Failure to Supervise and Implement Safety Measures for Residents at Risk
Penalty
Summary
The facility failed to provide adequate supervision and implement safety measures for multiple residents, resulting in deficiencies related to accident hazards and prevention. One resident with severe cognitive impairment, metabolic encephalopathy, and dysphagia was observed eating a pureed diet alone in his room without staff supervision, despite orders and speech therapy recommendations for 1:1 supervision at all meals due to swallowing difficulties.
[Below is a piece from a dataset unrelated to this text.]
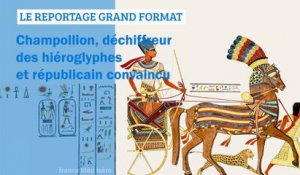 GRAND FORMAT - Champollion, le déchiffreur des hiéroglyphes était un républicain convaincu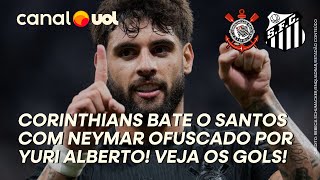 CORINTHIANS VENCE O SANTOS COM SHOW DE YURI ALBERTO E NEYMAR APAGADO! VEJA OS MELHORES MOMENTOS!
Staff interviews confirmed that this resident should not have been left unsupervised while eating, as he required constant reminders and cueing to ensure safe swallowing practices. Another resident with a history of unsteadiness, falls, and maximum assist needs for transfers was transferred from bed to wheelchair by a CNA without the use of a gait belt, contrary to facility policy and care plan instructions. The CNA held the resident under the arms instead, and the resident reported that gait belts were only used during therapy sessions, not in her room. The Director of Rehab confirmed that a gait belt should be used at all times for this resident due to her high fall risk and potential for sudden weakness during transfers. Additionally, a resident with dementia, hemiplegia, and dysphagia was repeatedly observed eating pureed meals alone in her room with the privacy curtain drawn, making her invisible from the hallway. Both the facility dietician and DON stated that this resident required supervision at all meals due to her high risk of choking and aspiration. Another resident with a traumatic brain injury and high fall risk was found alone in her room with the door and blinds closed, contrary to posted safety instructions and care plan interventions. The care plan had not been updated to reflect a recent fall with injury, and required fall precautions were not consistently maintained.